Lukisan kehidupan pagi Sang Maha Pencipta di puncak gunung tidak bisa diucapkan oleh kata – kata. Semuanya cuma tertoreh dalam jiwa, dalam hati. Usai menikmati sebuah perjuangan untuk mengalahkan diri sendiri sekaligus menumbuhkan percaya diri, rasanya sedikit mengangkat dagu masih sah – sah saja. Hanya jangan terus – terusan mengangkat dagu, karena walau bagaimanapun, gunung itu masih tetap kokoh di tempatnya.
Tetap menjadi paku bumi, bersahaja, dan gagah. Sementara manusia akkembali ke urat akar di mana dia hidup.

Ya, menghargai hidup adalah salah satu hasil yang diperoleh dalam mendaki gunung. Betapa hidup itu mahal. Betapa hidup itu ternyata terdiri dari berbagai pilihan, di mana kita harus mampu memilihnya meski dalam kondisi terdesak.

Satu kali mendaki, satu kali pula kita menghargai hidup. Dua kali mendaki, dua kali kita mampu menghargai hidup. Tiga kali, empat kali, ratusan bahkan ribuan kali kita mendaki, maka sejumlah itu pula kita menghargai hidup.

Hanya seorang yang bergelut dengan alamlah yang mengerti dan paham, bagaimana rasanya mengendalikan diri dalam ketertekanan mental dan fisik, juga bagaimana alam berubah menjadi seorang bunda yang tidak henti – hentinya memberikan rasa kasih sayangnya. Kalau golongan mayoritas masih terus saja berpendapat minor soal kegiatan mereka, maka biarkan sajalah.

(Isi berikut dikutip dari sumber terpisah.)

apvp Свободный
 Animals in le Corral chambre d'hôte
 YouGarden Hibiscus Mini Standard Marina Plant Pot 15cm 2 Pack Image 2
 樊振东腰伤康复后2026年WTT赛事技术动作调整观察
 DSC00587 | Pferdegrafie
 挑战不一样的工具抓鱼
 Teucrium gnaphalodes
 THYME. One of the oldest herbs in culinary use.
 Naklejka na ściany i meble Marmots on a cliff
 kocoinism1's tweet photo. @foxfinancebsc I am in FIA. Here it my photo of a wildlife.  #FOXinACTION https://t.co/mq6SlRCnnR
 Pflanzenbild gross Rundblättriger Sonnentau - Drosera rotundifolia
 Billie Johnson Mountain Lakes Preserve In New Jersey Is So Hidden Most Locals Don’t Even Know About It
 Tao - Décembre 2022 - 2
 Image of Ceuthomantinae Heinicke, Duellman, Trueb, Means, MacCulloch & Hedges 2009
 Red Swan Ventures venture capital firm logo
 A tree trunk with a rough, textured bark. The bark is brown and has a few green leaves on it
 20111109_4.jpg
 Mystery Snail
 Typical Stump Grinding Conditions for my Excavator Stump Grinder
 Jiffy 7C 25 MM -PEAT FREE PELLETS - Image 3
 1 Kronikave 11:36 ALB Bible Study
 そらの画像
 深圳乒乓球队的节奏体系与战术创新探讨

Karena siapapun orangnya yang berpendapat bahwa kegiatan ini hanya mengantarkan nyawa saja, bahwa kegiatan ini hanya sia – sia belaka, tidak ada yang menaifkan hal ini.

Mereka cuma tak paham bahwa ada satu cara di mana mereka tidak bisa merasakan seperti yang dirasakan oleh para petualang ini, yaitu kemenangan saat kaki tiba pada ketinggian.